L’aspect théologique du délicat passage était au centre de la demande de clarification faite au Vatican par Mgr Athanasius Schneider, évêque auxiliaire d’Astana, lors de la visite ad limina des évêques du Kazakhstan, demande qui a ensuite connu un développement ultérieur avec un échange de lettres. Schneider a raconté à la journaliste Diane Montagna de Life Site News que le Pape aurait été d’accord avec lui pour considérer que la phrase de la Déclaration est mal comprise, ajoutant que pour mieux l’expliquer on pourrait dire que « la diversité des religions correspond à la volonté permissive de Dieu ». Environ un mois après cette rencontre, François a décidé de revenir sur le sujet lors de l’audience générale du 3 avril, en précisant:

Dieu a voulu permettre cela: les théologiens de la Scholastique faisaient référence à la voluntas permissiva de Dieu. Il a voulu permettre cette réalité: il y a beaucoup de religions; certaines naissent de la culture, mais elles regardent toujours le ciel, elles regardent Dieu.

Au cas où, dans la nouvelle encyclique, le passage sur « le pluralisme et la diversité des religions » serait reproposé, il est possible que le principe de la volonté permissive de Dieu soit mieux expliqué.

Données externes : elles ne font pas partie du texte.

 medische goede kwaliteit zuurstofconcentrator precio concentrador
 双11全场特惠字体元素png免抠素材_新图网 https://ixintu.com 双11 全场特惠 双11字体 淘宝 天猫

La Déclaration d’Abu Dhabi est un document sur les relations sociales entre catholiques et musulmans, Fratelli tutti sera par contre un document du magistère papal. Le jésuite Domenico Marafioti lui-même, dans sa lecture raisonnée du texte signé le 4 février 2019, a souligné que l’objectif « n’est pas la composition des différences, mais la tolérance et le respect des deux communautés religieuses en vue de la paix » et donc « dans ce contexte, toutes les déclarations doivent être interprétées, même si certains de leurs aspects restent à clarifier ».

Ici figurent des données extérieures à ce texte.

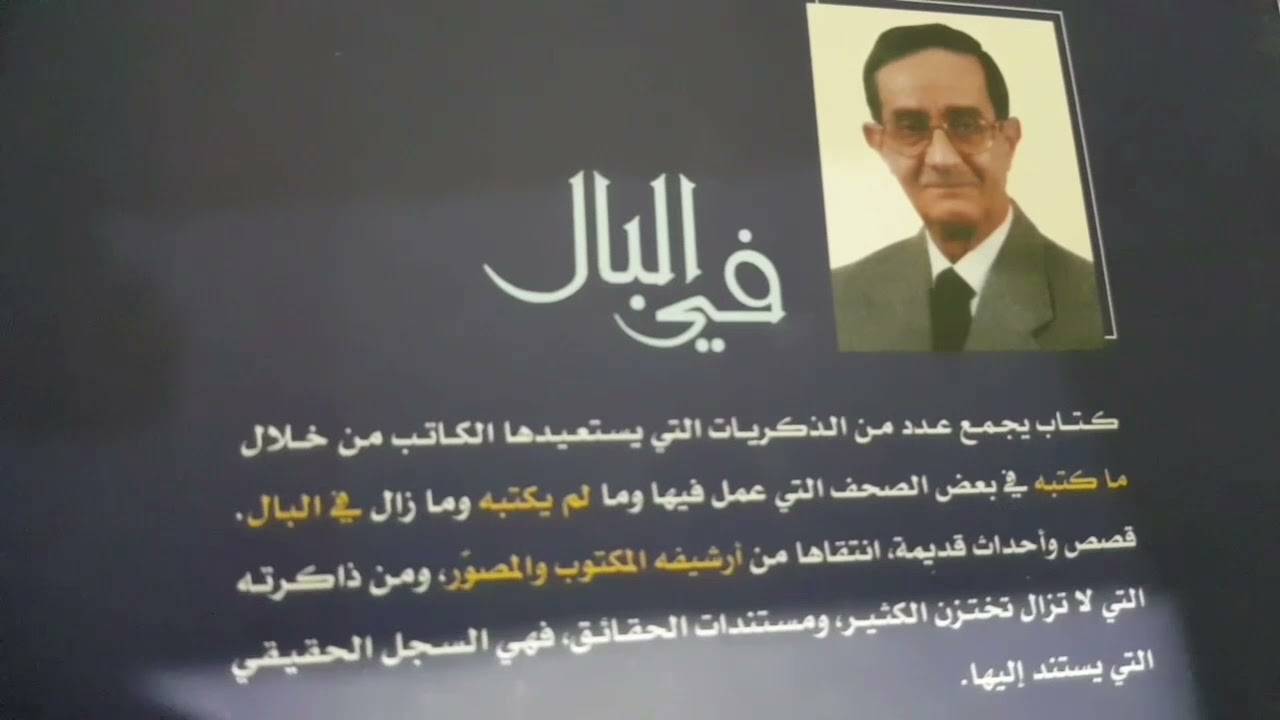 نقابة محرري الصحافة تنعى الاعلامي فيصل قواص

L’encyclique, en abordant le même thème avec le chrisme de l’officialité magistérielle, pourrait également être l’occasion de satisfaire l’exigence soulignée par le professeur de théologie dogmatique, en tenant compte des observations que François a témoigné partager dans sa catéchèse du 3 avril 2019.

Nous le découvrirons dans vingt jours.